Canada and Bhutan relations
The Government of Canada established formal diplomatic relations with Bhutan in 2003. The Government of the Kingdom of Bhutan (Bhutan) has diplomatic relations with only 52 countries (in addition to the European Union); Canada and Japan are the only G7 members on this list. Bhutan became a member of the United Nations in 1971. Official bilateral interaction is coordinated through the Canadian High Commission in New Delhi and the Bhutanese Mission to the United Nations in New York.
In 1998, the fourth king of Bhutan launched the country on the path to a constitutional democracy. Then King Jigme Singye Wangchuck transferred most of his administrative powers to the Council of Cabinet Ministers and abdicated the throne in favour of his son. King Jigme Khesar Namgyel Wanghuck was crowned the fifth monarch of Bhutan in 2008. The country’s first written constitution was adopted at the first session of parliament that year, signalling the formal transition of Bhutan from an absolute monarchy to a constitutional monarchy with a parliamentary democracy. Bhutan’s second parliamentary election was held in 2013. The People’s Democratic Party won a two-thirds majority. The country’s third elections will be held in 2018.

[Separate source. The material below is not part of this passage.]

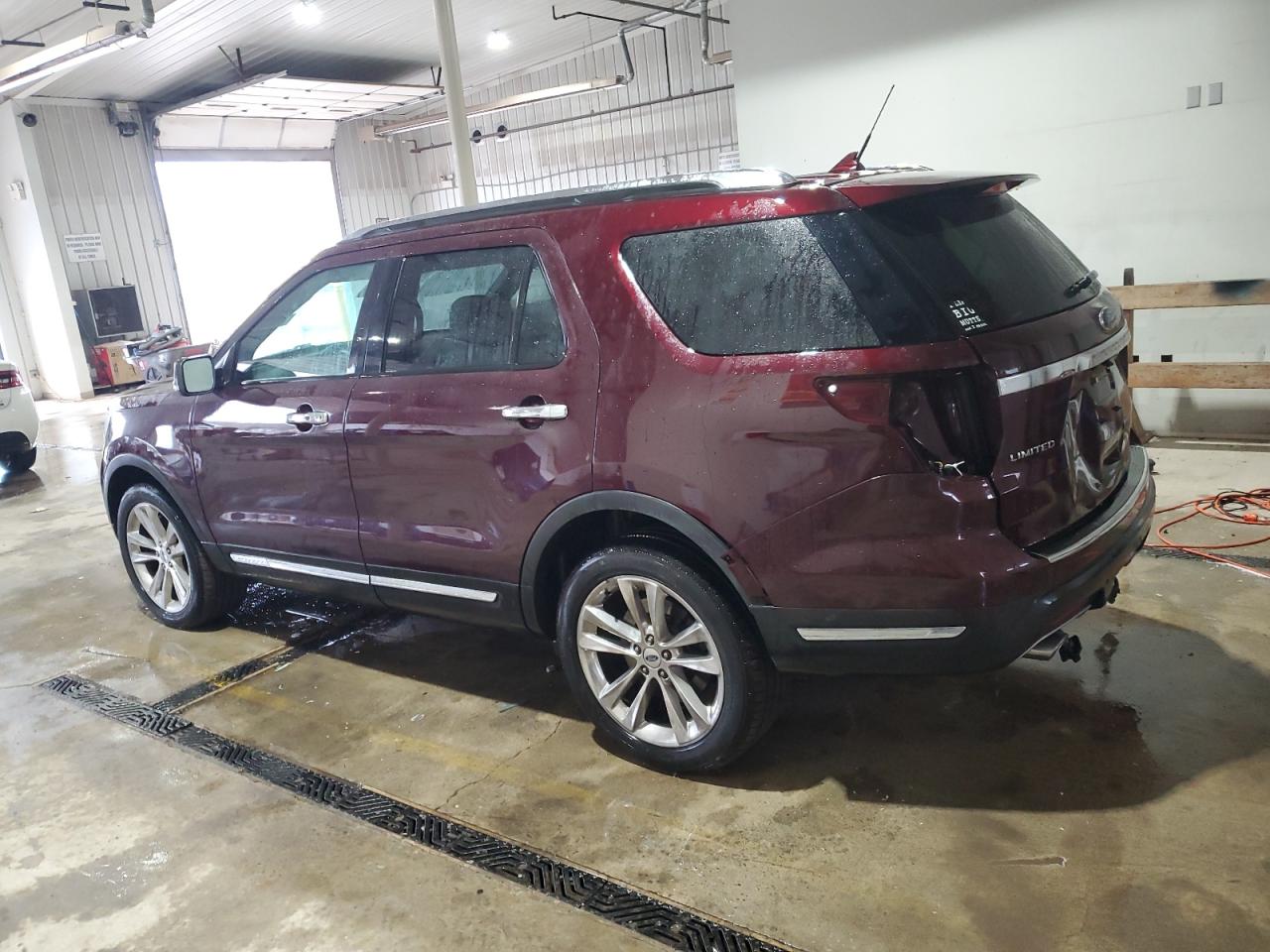2018 Ford Explorer - Image 2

Strong people-to-people ties and a history of close collaboration in the education sector strengthen Canada and Bhutan’s relationship. In 1963, a Canadian Jesuit priest, Father William Mackey, travelled to Bhutan at the request of the Royal Bhutanese Government to establish a secular secondary school system for the country. Since then, over 50 Canadians have taught in Bhutanese schools and more than 250 Bhutanese educators have studied in over ten Canadian institutions. The King of Bhutan, Jigme Khesar Namgyel Wangchuck was awarded an honourary doctorate from the University of New Brunswick in 2005.
Though Bhutan's economy is one of the world's smallest, it has grown in recent years and is based on:
- the sale of hydroelectric power to India
Canada and Bhutan enjoy a modest commercial relationship, focussed primarily on the education sector.
A Canadian Cooperation Office based in the capital Thimpu managed a bilateral development program from 1992 to 2008. Canada continues to provide both bilateral and multilateral assistance to Bhutan through a variety of channels.
- Since 1984, Canada’s International Development Research Centre (IDRC) has supported 23 activities worth $4.8 million. IDRC’s support over four years to the integrated rural development program, the Samdrup Jongkhar Initiative (SJI), sought to raise living standards in the province through food security and self-sufficiency.
- For over four decades, Canada has funded modest development assistance projects in Bhutan through the Canada Fund for Local Initiatives (CFLI). The program is directed at projects conceived and designed by local entities. Projects are selected and approved by the Canadian High Commission. The CFLI encourages positive bilateral relations between Canada, Bhutan and its civil society by supporting local endeavours.
- Through the Canadian Climate Fund, Canada has contributed US$1.3 million to the Climate-Resilient Hazelnut Value Chain project to support a range of climate resilience and adaptation features into the company’s operations.
- Canada is a major contributor to international organizations active in Bhutan. Canada is the fourth largest non-regional contributor to the Asian Development Bank, and among the largest donors to the Asian Development Fund for its poorest member countries, including Bhutan and the second largest overall contributor to the World Food Programme which received $1.34 million for the School Feeding Programme in Bhutan.
Bhutanese refugees of ethnic Nepalese descent have been living in seven camps in eastern Nepal since the early 1990s. Canada is part of a group of eight countries which includes:
- the Netherlands
- New Zealand
- the United States
- the United Kingdom
which are taking steps to address this long-standing situation by resettling some of these refugees.
In May 2007, the Government of Canada announced that it would resettle up to 5,000 Bhutanese refugees. In June 2012, the Government announced that it would resettle up to 500 more refugees with family connections in Canada. Plans to resettle up to 1,000 more Bhutanese refugees were announced in March 2013. In total, Canada has resettled approximately 6,500 Bhutanese refugees who have been living for nearly two decades in camps run by the United Nations High Commissioner for Refugees (UNHCR).
Resettlement efforts are ongoing. These countries’ efforts, as well as the Government of Nepal’s and the UNHCR’s, has reduced the number of refugee camps from seven to two.
Refugees have settled into more than 21 communities across Canada.